What is extra virgin olive oil? What does it mean?
The difference is in the process of manufacturing of the oil. The term ‘virgin olive oil’ doesn’t describe its quality, and extra virgin olive oil doesn’t mean it is extra pure. There are 4 grades of virgin olive oil. The lowest grade of virgin olive oil is used in soap making, and is not fit for consumption. The extra virgin olive oil is the highest grade of olive oil which is cold pressed, and is superior in taste and aroma. This is not heated beyond 86 degree Fahrenheit.
Especially when it comes to extra virgin olive oil, a lot of fake oil is being circulated. The University of California conducted tests among many brands in the US that have a tag of extra virgin olive oil to them. Unfortunately, the study came up with this devastating fact: High 69% of extra virgin olive oil sold in the US stores is fake.
So, you should be extra cautious next time you see the tag ‘extra virgin olive oil’.
But, how can we actually know which one is fake olive oil and which one is original olive oil when buying? We need to find another way to differentiate between the fake and original olive oil, since the tastes of the fake and original oils are similar.
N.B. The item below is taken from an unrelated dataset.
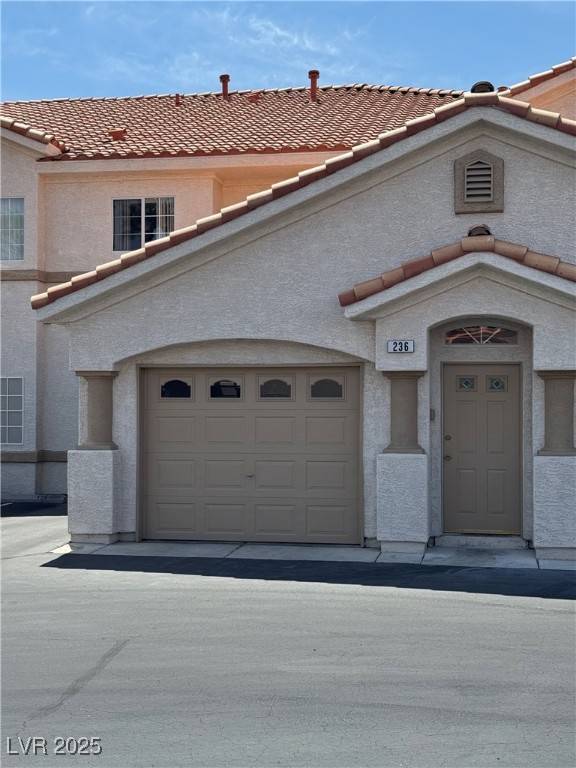 Las Vegas, NV 89117,3327 Erva ST #236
What is fake olive oil and how common is it on the market?
Be cautious when you see the tags of extra virgin and extra pure. Fake olive oil is everywhere around us. It can be a substandard, a mixture of various olive oils from different countries. It can be non- Italian oil, simply a mixture of sunflower oil and soybean oil with the additives of beta carotene, and chlorophyll, labelled finally as extra virgin olive oil. Fake olive oil can be simply a mixture of two oils, a maximal portion of sunflower oil added to a portion of pure olive oil, and can be tagged as extra virgin olive oil. The circulation of fake olive oil is so common that you find many famous brands advertizing themselves to supply the best and healthiest olive oil, , but actually offer the customer a fake one.
A study reported that many famous brands including: Bertolli, Filippo Berio, Whole Foods, Newman’s Own, Carapelli, Mazzola, Colavita, Safeway, Star, Pompeia, Mezzetta are selling fake olive oil.
The real deal: Cobram Estate, Lucini, California Olive Ranch. Kirkland Organic, Lucero (Ascolano), McEvoy Ranch Organic are also noted by Eat Grown Local.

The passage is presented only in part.